Fox's theorem, translated to sound more like what you just said, says that a category is cartesian iff there's a unique way to give each object $A$ a cocommutative comonoid structure $\delta_A: A \to A \otimes A$, $\eta_A: A \to I$, and these morphisms define natural transformations.

John Baez (Jul 25 2024 at 10:42):

One can imagine ways of trying to strengthen this result by weakening the hypotheses. Can we do it? Like: what if we drop the word "unique"?

Morgan Rogers (he/him) (Jul 25 2024 at 12:32):

John Baez said:

Are you alluding to Fox's theorem or something else?

Something else (but obviously closely related), as discussed here: we don't need to demand uniqueness of the diagonals, only that it is both natural and monoidal (at which point uniqueness must follow, I gather). The difference being that we don't impose coassociativity on $\delta$, for instance.

John Baez (Jul 25 2024 at 12:44):

I should really improve the nLab when it comes to cartesian monoidal categories. If you search for [[cartesian category]] you get sent to [[cartesian monoidal category]], which doesn't really give a precise definition of cartesian monoidal category. And it looks like there are more characterizations that need to be added!

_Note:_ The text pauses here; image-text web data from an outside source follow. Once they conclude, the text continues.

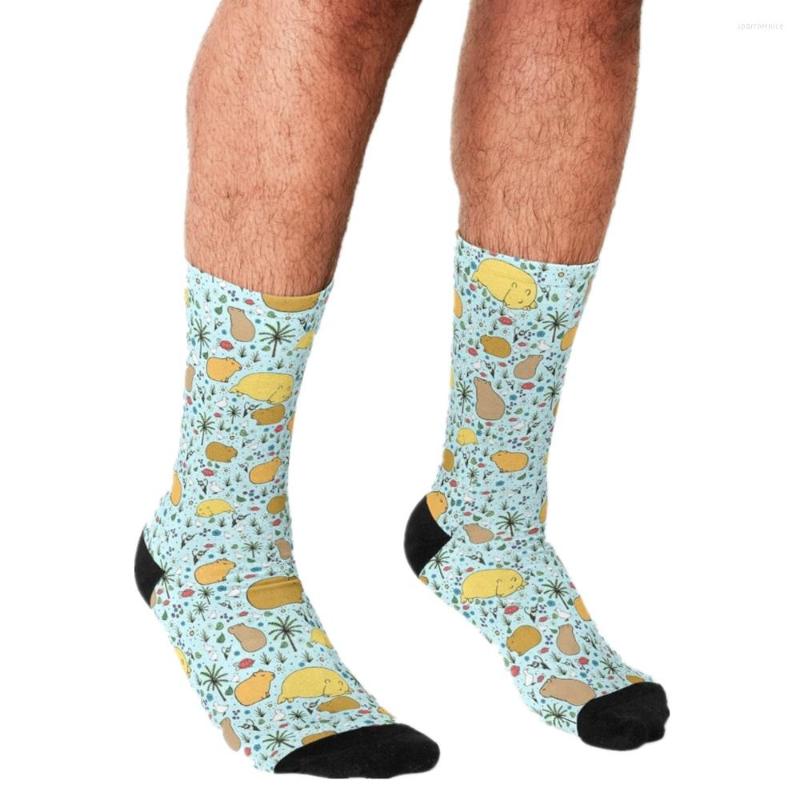 Men's Socks 2022 Men Harajuku Capybaras In Blue Personality Printed Happy Hip Hop Novelty Skateboard Crew Casual Crazy, W560
Men's Socks 2022 Men Harajuku Capybaras In Blue Personality Printed Happy Hip Hop Novelty Skateboard Crew Casual Crazy, W560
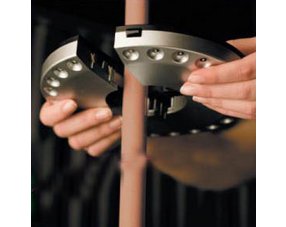 umbrella light, umbrellas, lights, cordless, wireless, LED, battery powered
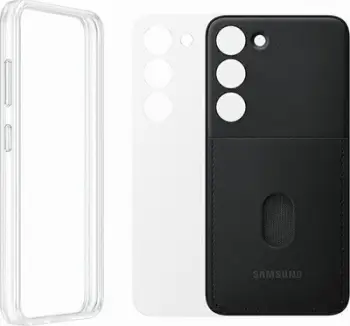 Mbulesë telefoni Samsung Frame Cover EF-MS911CB, për Galaxy S23, e zezë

Jean-Baptiste Vienney (Jul 25 2024 at 13:19):

Amar Hadzihasanovic said:

Yes, it does, I don't know if there's a good non-explicit argument though. Here's a diagram showing it for the first component

1043bf51-06bd-42a8-a78d-9531706b872d.jpg

Thanks a lot!

Jean-Baptiste Vienney (Jul 25 2024 at 13:38):

This is curiously (or not curiously) similar to a diagram I wrote to show that the multiplication $\mu_{A,B}:F(A \times B) \rightarrow F(A) \times F(B)$ of an oplax monoidal functor in a cartesian monoidal category is necessarily $\langle F(\pi_1), F(\pi_2)\rangle$.